Al parecer, Rusia no se adapta al papel de oso de feria -impávido ante el chiflido, la carcajada, el cascajo; obsecuente bajo la fusta restallante- que algunos quisieron y quieren endilgarle. Puede que definitivamente hayan finiquitado los tiempos en que un beodo devenido mandatario -en esto George W. Bush no es rara avis, por cierto- […]
Al parecer, Rusia no se adapta al papel de oso de feria -impávido ante el chiflido, la carcajada, el cascajo; obsecuente bajo la fusta restallante- que algunos quisieron y quieren endilgarle.
Puede que definitivamente hayan finiquitado los tiempos en que un beodo devenido mandatario -en esto George W. Bush no es rara avis, por cierto- desmantelaba las estructuras vigentes, incluso recurriendo a la fuerza militar y al golpe de Estado, para propiciar, imponer el robo, la privatización de las propiedades públicas, tanto como la sistemática difamación de la URSS, de todo lo soviético, con el resultado de que «Moscú dejara de ser una de las principales voces en el mundo, para convertirse en una capital que aceptaba los dictados de Washington, pese a algunos gestos airados del grotesco Yeltsin en la antigua Yugoslavia», como nos recuerda, lapidario, Higinio Polo en la publicación digital El Viejo Topo.
Occidente debe de andar sobándose la piel, a ver si se le asientan los vellos, tras la noticia de que hace unos días el Ministerio de Defensa de la Federación probó con éxito un moderno misil balístico intercontinental que ningún sistema estadounidense podrá detener. «Ni los actuales ni los futuros sistemas americanos tendrán capacidad para impedir que el misil derribe su objetivo», aseguraba el primer ministro, Dimitri Rogozin.
Y eso, sin dudas, no constituye ínfulas de superpotencia, como podría desbarrar algún desavisado -si los hubiere-, sino cuestión de mera supervivencia.

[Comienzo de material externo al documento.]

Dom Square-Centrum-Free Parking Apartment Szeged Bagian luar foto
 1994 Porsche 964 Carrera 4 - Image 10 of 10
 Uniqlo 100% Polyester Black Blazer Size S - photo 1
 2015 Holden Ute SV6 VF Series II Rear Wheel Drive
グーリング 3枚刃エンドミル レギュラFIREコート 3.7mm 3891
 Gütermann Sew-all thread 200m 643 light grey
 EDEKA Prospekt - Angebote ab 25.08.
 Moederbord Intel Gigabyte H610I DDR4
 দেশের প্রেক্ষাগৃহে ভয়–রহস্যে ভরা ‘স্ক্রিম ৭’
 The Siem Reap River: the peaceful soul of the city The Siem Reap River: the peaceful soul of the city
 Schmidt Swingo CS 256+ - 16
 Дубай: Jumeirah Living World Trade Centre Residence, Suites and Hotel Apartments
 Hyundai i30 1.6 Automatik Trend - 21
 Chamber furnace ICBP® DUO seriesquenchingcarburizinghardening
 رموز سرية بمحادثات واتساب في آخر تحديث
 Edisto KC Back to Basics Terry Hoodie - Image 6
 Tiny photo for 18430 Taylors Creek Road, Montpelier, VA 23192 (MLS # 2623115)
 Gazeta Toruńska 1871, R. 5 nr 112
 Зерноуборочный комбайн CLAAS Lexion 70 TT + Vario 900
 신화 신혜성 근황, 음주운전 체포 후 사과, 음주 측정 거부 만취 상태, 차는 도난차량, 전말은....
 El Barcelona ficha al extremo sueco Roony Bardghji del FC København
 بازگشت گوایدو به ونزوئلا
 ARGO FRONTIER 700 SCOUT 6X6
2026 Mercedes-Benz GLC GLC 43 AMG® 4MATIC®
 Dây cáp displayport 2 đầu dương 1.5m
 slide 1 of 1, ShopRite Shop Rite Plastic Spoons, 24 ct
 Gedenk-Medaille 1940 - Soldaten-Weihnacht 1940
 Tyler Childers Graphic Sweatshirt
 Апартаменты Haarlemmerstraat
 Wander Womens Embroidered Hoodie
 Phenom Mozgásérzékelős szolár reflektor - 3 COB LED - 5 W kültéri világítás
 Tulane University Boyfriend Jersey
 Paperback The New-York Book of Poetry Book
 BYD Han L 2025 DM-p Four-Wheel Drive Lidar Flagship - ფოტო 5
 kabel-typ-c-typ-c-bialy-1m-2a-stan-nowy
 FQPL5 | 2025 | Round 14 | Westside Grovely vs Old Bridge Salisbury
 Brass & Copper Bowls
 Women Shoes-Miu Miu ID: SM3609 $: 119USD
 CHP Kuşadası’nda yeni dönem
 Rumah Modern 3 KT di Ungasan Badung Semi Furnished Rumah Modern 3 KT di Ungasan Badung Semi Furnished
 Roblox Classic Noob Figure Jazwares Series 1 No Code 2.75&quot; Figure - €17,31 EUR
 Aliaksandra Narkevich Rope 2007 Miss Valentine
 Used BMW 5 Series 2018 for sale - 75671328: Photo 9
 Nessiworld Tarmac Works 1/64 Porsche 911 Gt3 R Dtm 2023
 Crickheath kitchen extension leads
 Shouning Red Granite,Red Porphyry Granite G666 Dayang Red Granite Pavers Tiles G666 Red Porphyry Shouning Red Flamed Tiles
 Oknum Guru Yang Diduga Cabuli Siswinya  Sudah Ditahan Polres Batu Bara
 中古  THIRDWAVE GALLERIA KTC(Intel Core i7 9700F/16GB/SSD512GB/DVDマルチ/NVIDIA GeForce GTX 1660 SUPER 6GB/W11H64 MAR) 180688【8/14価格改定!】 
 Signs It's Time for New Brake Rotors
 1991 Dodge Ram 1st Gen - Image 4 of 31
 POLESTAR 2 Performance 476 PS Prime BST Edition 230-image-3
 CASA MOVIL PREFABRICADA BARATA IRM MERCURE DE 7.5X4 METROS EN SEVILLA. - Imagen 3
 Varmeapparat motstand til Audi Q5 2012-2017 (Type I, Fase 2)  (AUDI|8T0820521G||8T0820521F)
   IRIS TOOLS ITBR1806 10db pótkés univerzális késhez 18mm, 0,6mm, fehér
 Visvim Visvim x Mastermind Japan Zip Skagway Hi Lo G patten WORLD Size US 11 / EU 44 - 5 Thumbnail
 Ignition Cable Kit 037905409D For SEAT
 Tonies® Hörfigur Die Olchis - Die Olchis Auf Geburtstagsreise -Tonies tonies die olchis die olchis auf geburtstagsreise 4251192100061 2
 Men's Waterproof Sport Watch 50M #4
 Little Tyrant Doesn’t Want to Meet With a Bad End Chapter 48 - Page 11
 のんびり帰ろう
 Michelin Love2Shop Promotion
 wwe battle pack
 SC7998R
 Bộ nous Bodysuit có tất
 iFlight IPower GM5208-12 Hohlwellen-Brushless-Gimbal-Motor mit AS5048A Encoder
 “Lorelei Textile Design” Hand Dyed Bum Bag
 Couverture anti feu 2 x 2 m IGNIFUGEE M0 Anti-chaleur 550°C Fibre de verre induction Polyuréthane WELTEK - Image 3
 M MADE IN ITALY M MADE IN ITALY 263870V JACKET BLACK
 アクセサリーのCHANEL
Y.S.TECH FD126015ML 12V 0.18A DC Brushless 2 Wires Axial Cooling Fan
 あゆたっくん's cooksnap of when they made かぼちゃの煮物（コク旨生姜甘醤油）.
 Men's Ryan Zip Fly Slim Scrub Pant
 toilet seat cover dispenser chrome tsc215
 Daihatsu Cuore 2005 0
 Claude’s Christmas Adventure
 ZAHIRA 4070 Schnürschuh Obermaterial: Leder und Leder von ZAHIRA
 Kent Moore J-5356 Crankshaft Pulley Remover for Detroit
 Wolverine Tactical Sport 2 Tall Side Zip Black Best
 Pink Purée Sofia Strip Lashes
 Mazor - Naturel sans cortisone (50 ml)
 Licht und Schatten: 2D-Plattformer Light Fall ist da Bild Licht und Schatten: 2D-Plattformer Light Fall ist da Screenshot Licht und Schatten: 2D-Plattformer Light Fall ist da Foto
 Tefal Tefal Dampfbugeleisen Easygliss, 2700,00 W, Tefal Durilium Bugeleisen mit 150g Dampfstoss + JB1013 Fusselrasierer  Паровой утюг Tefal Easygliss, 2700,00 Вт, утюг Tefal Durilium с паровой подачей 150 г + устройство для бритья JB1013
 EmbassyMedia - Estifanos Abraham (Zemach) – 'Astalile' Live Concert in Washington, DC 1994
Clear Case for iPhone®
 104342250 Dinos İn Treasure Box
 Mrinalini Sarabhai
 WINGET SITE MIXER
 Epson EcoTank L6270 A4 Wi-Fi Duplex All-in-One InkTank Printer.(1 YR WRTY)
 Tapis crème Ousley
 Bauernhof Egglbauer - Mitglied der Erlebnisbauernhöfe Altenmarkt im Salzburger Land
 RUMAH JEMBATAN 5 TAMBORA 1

Ya en su primer período como presidente (de 2000 a 2008), a contracorriente de las hipotecas yeltsinianas (Polo dixit), Vladímir Putin había realizado un crudo análisis de la acción imperial de EE.UU. y de las consecuencias de la estrategia belicista, denunciando, entre otros incumplimientos de compromisos, la ampliación de la OTAN y el cerco tendido alrededor del país euroasiático.
¿Callar, por ejemplo, ante un supuesto escudo anticoheteril, en sí diseñado para golpes nucleares presuntamente sin posibilidad de riposta? ¿Hacer mutis cuando el cacareado broquel se despliega en Europa y se prevé extenderlo a Israel y varios territorios árabes de gobiernos reaccionarios? ¿Tascar el freno, modosamente, luego de la declaración por el Pentágono de la zona Asia-Pacífico como prioritaria para la seguridad del Tío Sam, mientras persisten las agresiones contra Iraq y Afganistán, y la guerra sucia en aras de un cambio de régimen en Siria, al estilo del impuesto en Libia?
En honor a la verdad, habría que tener vocación masoquista, cuando no suicida, para renunciar a apuntalar el resguardo frente a una espiral como clonada de la Guerra Fría y con el origen… se sabe dónde.
Así que, ni corto ni perezoso, en respuesta al hecho de que los Estados Unidos acumulan 43 por ciento del gasto castrense universal, no obstante la crisis económica que los cala hasta el tuétano, el Kremlin ha dispuesto la inversión de mil 200 millones de dólares para la acelerada modernización de los sistemas coheteriles Iskander-M, capaces de inutilizar la «sombrilla» de la Alianza en Europa. Ello, sin cejar en sus llamados a conjurar una conflagración que derivaría en Apocalipsis seguro. Exhortación harto creíble si se toma en cuenta la experiencia de la muerte de millones de ciudadanos por obra y gracia de Marte, el ígneo dios que en esa ocasión se vistió de fascista.
Pero el asunto no queda ahí. Anteriormente, ese poderoso artilugio se había ubicado en Kaliningrado, luego de emplazada la armazón gringa en la República Checa y Polonia. Y, «por añadidura, Rusia acelera la entrega a sus fuerzas navales, esencialmente la submarina, del misil Bulavá, un artefacto dotado con ojivas nucleares que sigue una trayectoria imprevisible a una velocidad hipersónica, lo que dificulta su intercepción».
Sí, no hay que ser muy zahorí para distinguir el «oscuro objeto del deseo» de las elites del tardocapitalismo planetario. Los dirigentes moscovitas lucen conscientes de un ciclópeo vigor, dado en la plétora de recursos naturales; la capacidad -por la geografía- de influir en el Oriente, rico en energía, desde Pakistán hasta el Magreb; la condición de equilibrador, que no equilibrista, en la cada vez más transparente rivalidad entre EE.UU. y China… Vigor que también brota de la siempre inestimable dignidad nacional.
No en vano «Misha» se enfurruña y ruge. Piensa que valen más dos o tres plantígrados de similar alzada que un solitario bisonte en la llanura. Y piensa bien.